Lockerung des Euro-Stabilitätspakts Ökonomen warnen vor Rückkehr der Krise

Freibrief „zu hemmungsloser Verschuldung“.

Berlin – Führende Ökonomen in Deutschland haben davor gewarnt, die von Frankreich und Italien forcierten und von Bundeswirtschaftsminister Sigmar Gabriel (SPD) unterstützen Pläne zu einer möglichen Lockerung der EU-Defizitregeln in die Tat umzusetzen: Eine Regelung, wie sie von Paris und Rom angestrebt wird, wäre ein Freibrief „zu hemmungsloser Verschuldung und der sicherste Weg, die Euro-Krise schnell wiederzubeleben“, sagte der Chefökonom der Dekabank, Ulrich Kater, „Handelsblatt-Online„.

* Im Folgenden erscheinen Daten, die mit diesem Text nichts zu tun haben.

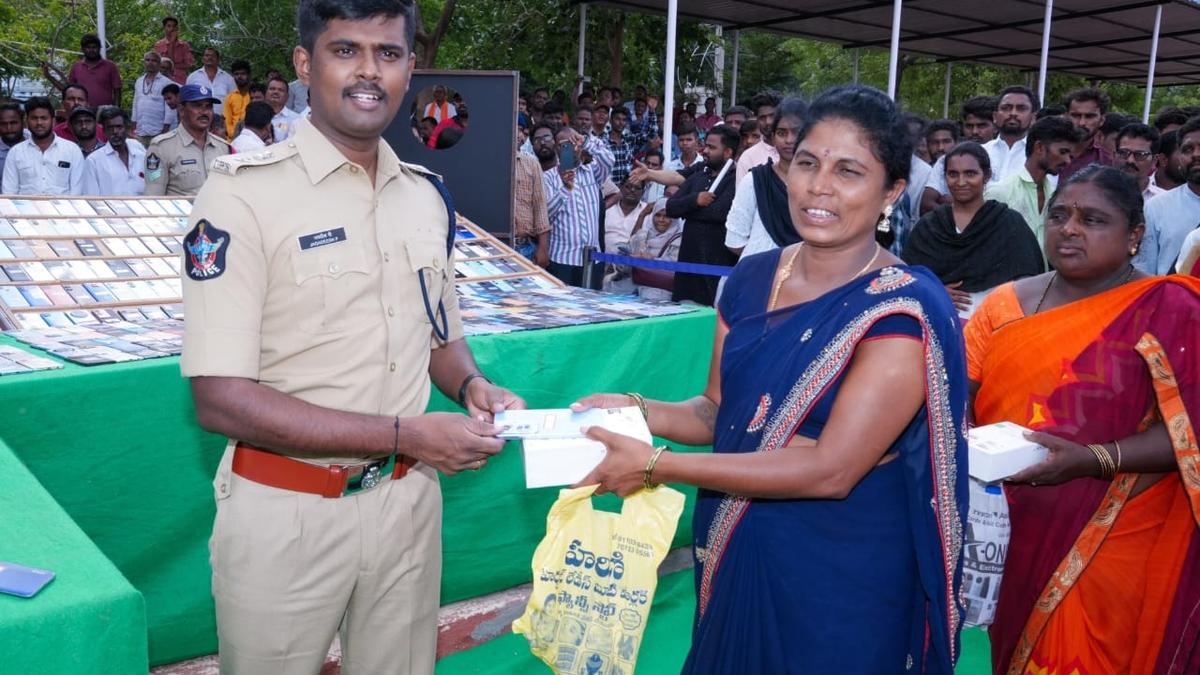 Anantapur police hand over ₹3.3 crore worth lost mobiles to owners at recovery mela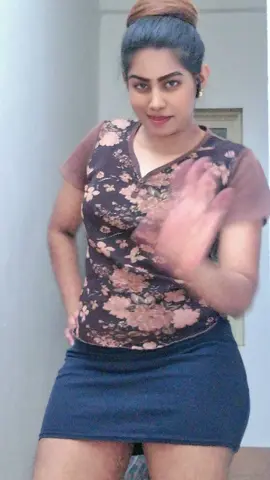 ආයෙ කොච්චර කරත් ඔච්චර තමා දැන් උබලගෙන් අපහසයක් නැතුව මටත් ජරි බොරින් බන්.. 🤣🤣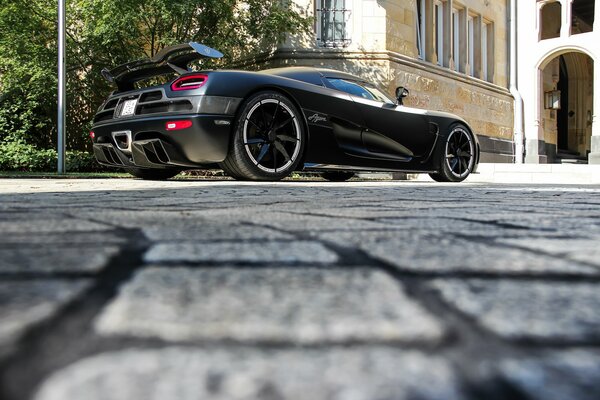 Czarny Koenigsegg agera r. stoi na asfalcie
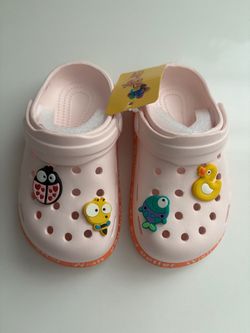 Kids Pink Clog Sandals with Charms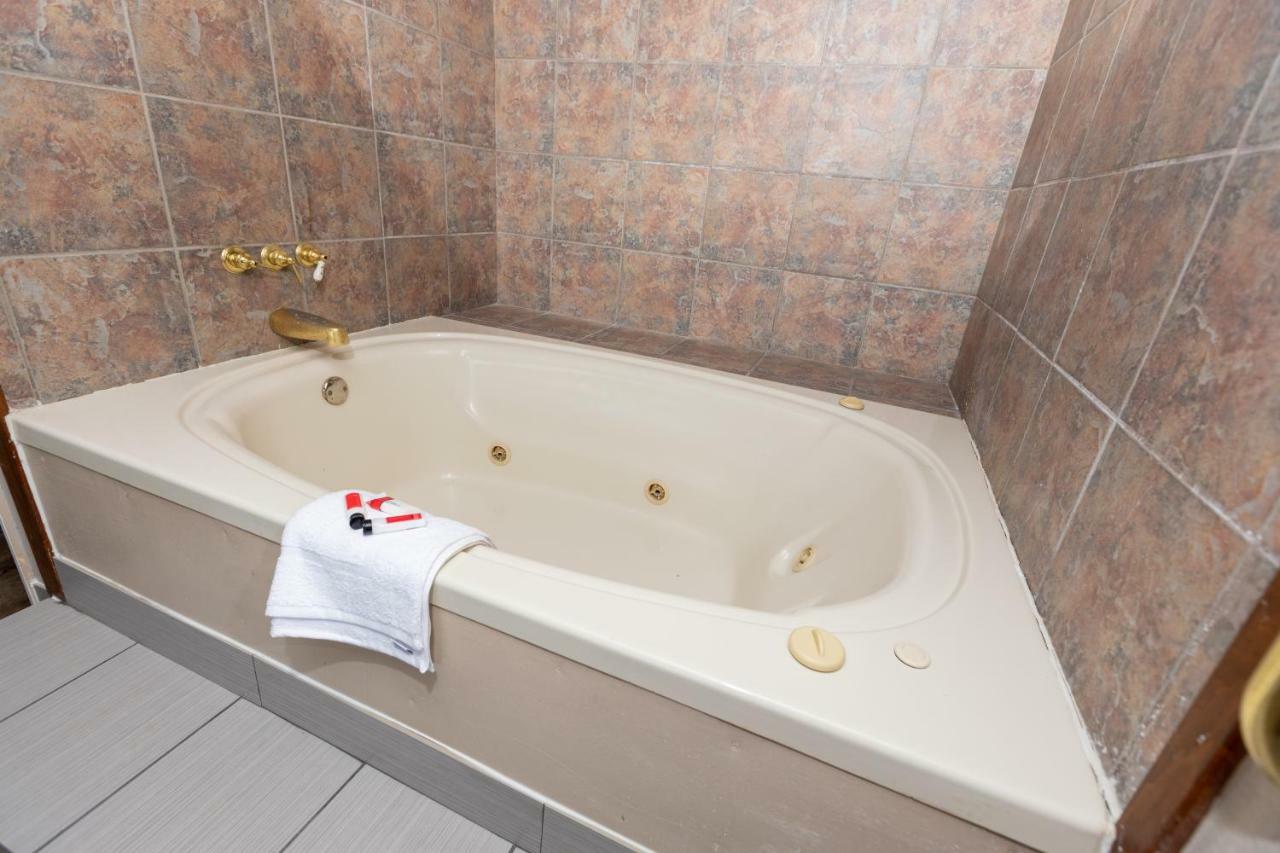 Motel Super 8 By Wyndham Goldsboro Zewnętrze zdjęcie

Ähnlich äußerte sich der Chefvolkswirt der DZ Bank, Stefan Bielmeier. „Für die Glaubwürdigkeit der Maastricht-Verträge wäre eine solche Entwicklung sicherlich ein Rückschritt, was sich mittelfristig auch auf das Investorenvertrauen ungünstig auswirken kann“, sagte Beilmeier. „Einfache und klare Regeln, wie die derzeitigen Maastricht-Regeln, und ein glaubwürdiger Sanktionsprozess sind für die finanzielle Entwicklung des Euro-Raums wohl besser geeignet als ein Regelwerk mit viel Interpretationsspielraum.“

Der Chefvolkswirt der Commerzbank, Jörg Krämer, wies darauf hin, dass das Aufweichen des Stabilitätspakts vor zehn Jahren mitursächlich am Entstehen der Staatsschuldenkrise gewesen sei. „Wenn die Regierungen in Paris und Rom den zwischenzeitlich etwas geschärften Pakt nun erneut aufweichen wollen, dann ignorieren sie die Lehren aus der Staatsschuldenkrise.“

Kritisch sieht Krämer auch die Geldpolitik der Europäischen Zentralbank (EZB). „Frankreich und Italien können nur deshalb auf mehr Staatsschulden drängen, weil die EZB durch eine Japanisierung der Staatsschuld heilsamen Druck von ihnen genommen hat.“ Durch ihre faktische Nullzinspolitik hätten die Währungshüter die Renditen von Staatsanleihen und damit die Zinslast auf Rekordtiefs gesenkt.

Aus Sicht des Präsidenten des Deutschen Instituts für Wirtschaftsforschung (DIW), Marcel Fratzscher, fehlen den derzeit kursierenden Plänen für eine Lockerung beziehungsweise Neuinterpretation des Stabilitätspakts zwei zentrale Elemente. „Zum Einen müssen Länder fehlende Reformen nun endlich umsetzen, sonst wird es kein Wachstum geben können“, sagte Fratzscher „Handelsblatt-Online“. Und es fehle eine zweite Bedingung, die für den Erfolg einer solchen Strategie unabdingbar sei: Die Regierungen müssten einen konkreten Plan vorlegen, wie sie langfristig Schulden abbauen wollen.